ジャケ買い 7

 あとすこし金原ひとみさんの「TRIP TRAP」についてであります。
 この小説集に収録の作品は、書かれた順ではなく主人公の成長にあわせて掲載
されています。一番最初の作品は15歳不登校の中学生で、次の作品は高校中退した
17歳とありますので、その二年後くらいでしょうか。この二作が奔放な青春を描い
ているのですが、そのあとの四作は、主人公は特定の男性と生活をしており、最後
の二作では子までなしています。
 すこし前まであんなにも不安定で非行少女のようであったのに、きちんとした
男性と結婚生活にはいって、めでたしめでたしというのが、この小説集なのかな。
 新聞読書欄の辻原登さんのコメントによると、
「『TRIP TRAP』 小説は何といっても、金原ひとみの天性とも思える言語センスが
群を抜いていた。なんとも過激な、しかし心鎮まる一人の女の成長物語だ。
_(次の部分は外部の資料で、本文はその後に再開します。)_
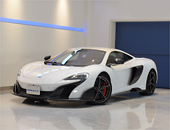 2016年モデル 正規ディーラー車 マクラーレン 675LT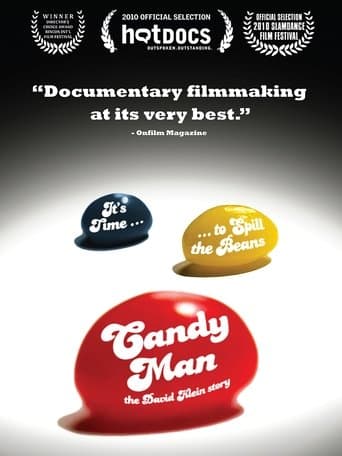 Movie poster for Candyman: The David Klein Story
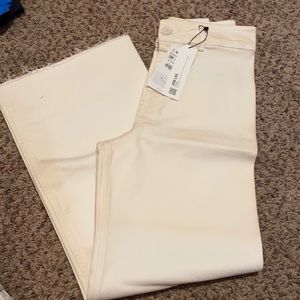 Zara Marine Straight Pants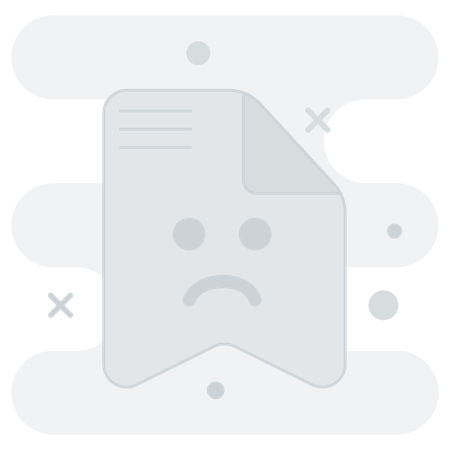 Empty Wishlist  Illustration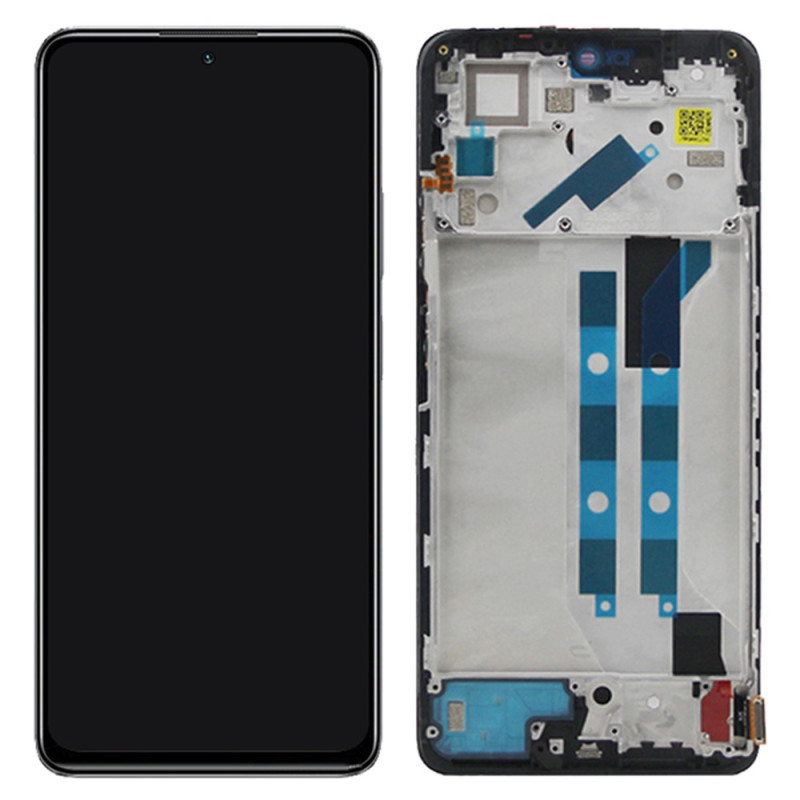 Ecrã AMOLED de qualidade OEM com estrutura para Xiaomi Redmi Note 12 Pro 4G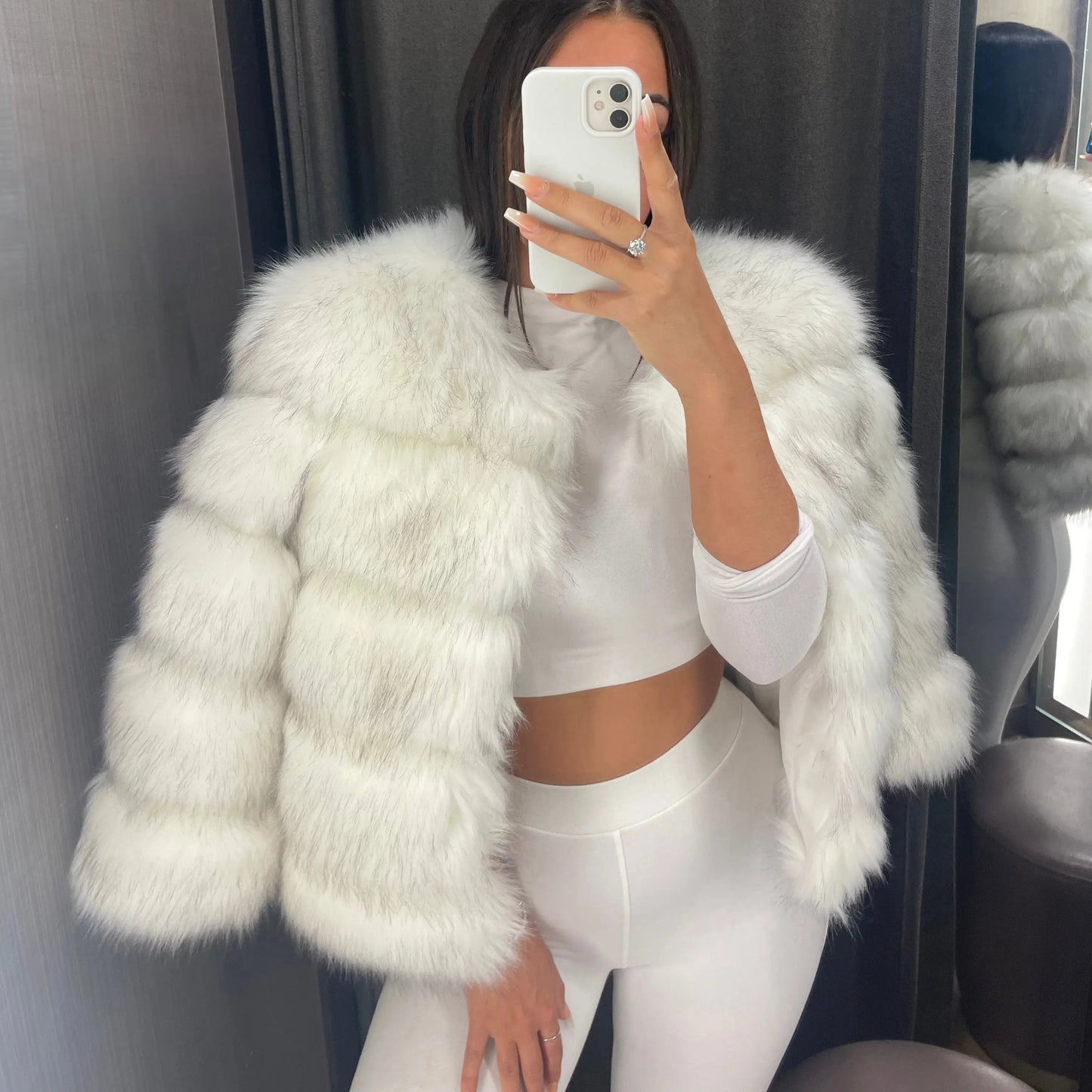 Fashionable Short Womens Jacket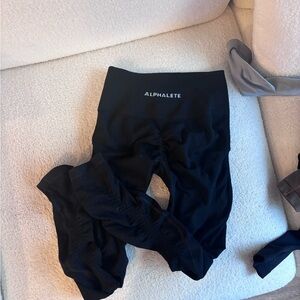 Alphalete contour ultra high rise Black Leggings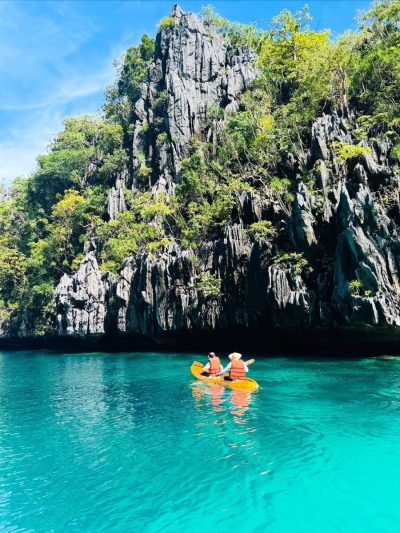 Big Lagoon, El Nido, Palawan в октябре — фото погоды (2025-10-30)
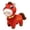 A, variant on HomelyJoy Horse Plush Ornament 1 Pack Red Cartoon Pony Design Year of the Horse Chinese Zodiac Decorative Plush for Home Festival Display 9.8 in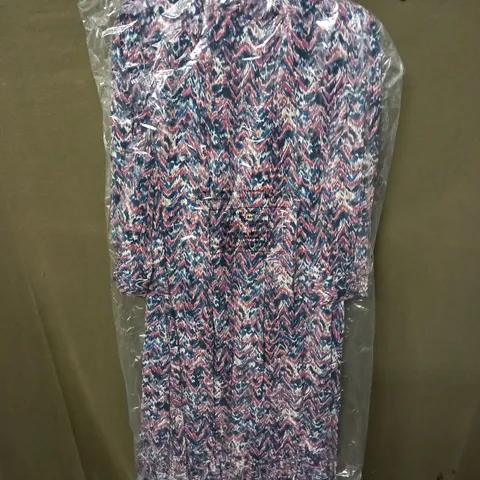 LENZING AG MULTI COLOURED DRESS SIZE 6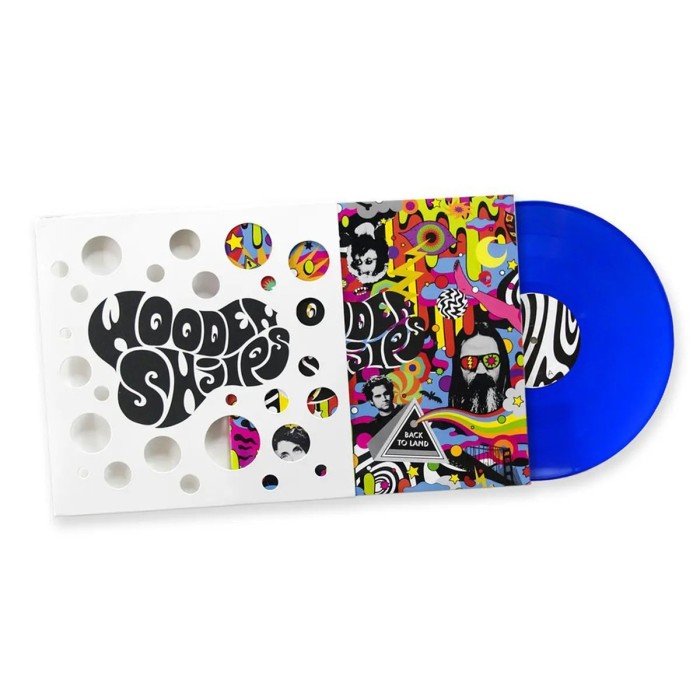 Wooden Shjips - Back To Land (Color Vinyl)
」となる
のですが、たしかにたいへん早熟な人でありますから、三十歳を前にして成長に
ついての作品を書いたとしても不思議ではないのですが、それは親の世代には安心を
もたらしますが、同世代からはどのような評価を受けているのでしょう。
(もともと金原さんの同世代の人達は本など読まない人達でありますので、なかなか
伝わってきません。)
 辻原さんの評にある「天性とも思える言語センス」というのは、そうなのでしょう。
特に、「沼津」という作品にある若い人の会話のところが、いかにも若い人たち
会話の雰囲気が表現されていました。バスとか電車にのって、高校生の会話を聞いて
いるようなリアルさがありました。もともと中身がない話を大きな声でするという
のが、いまどきの高校生であります。そうした中身のなさから、どのような作品を
生み出すか、結局のところ作者自身の等身大の人物を描いていくしかないのであり
ましょうか。
 若くしてデビューした大江健三郎さん、村上龍さんが、今にいたるまで発表し続け
ています。作者にあわせて読者も年齢を重ねているのですが、金原ひとみさんも、
そのような幸せな作家生活をおくることができるでしょうか。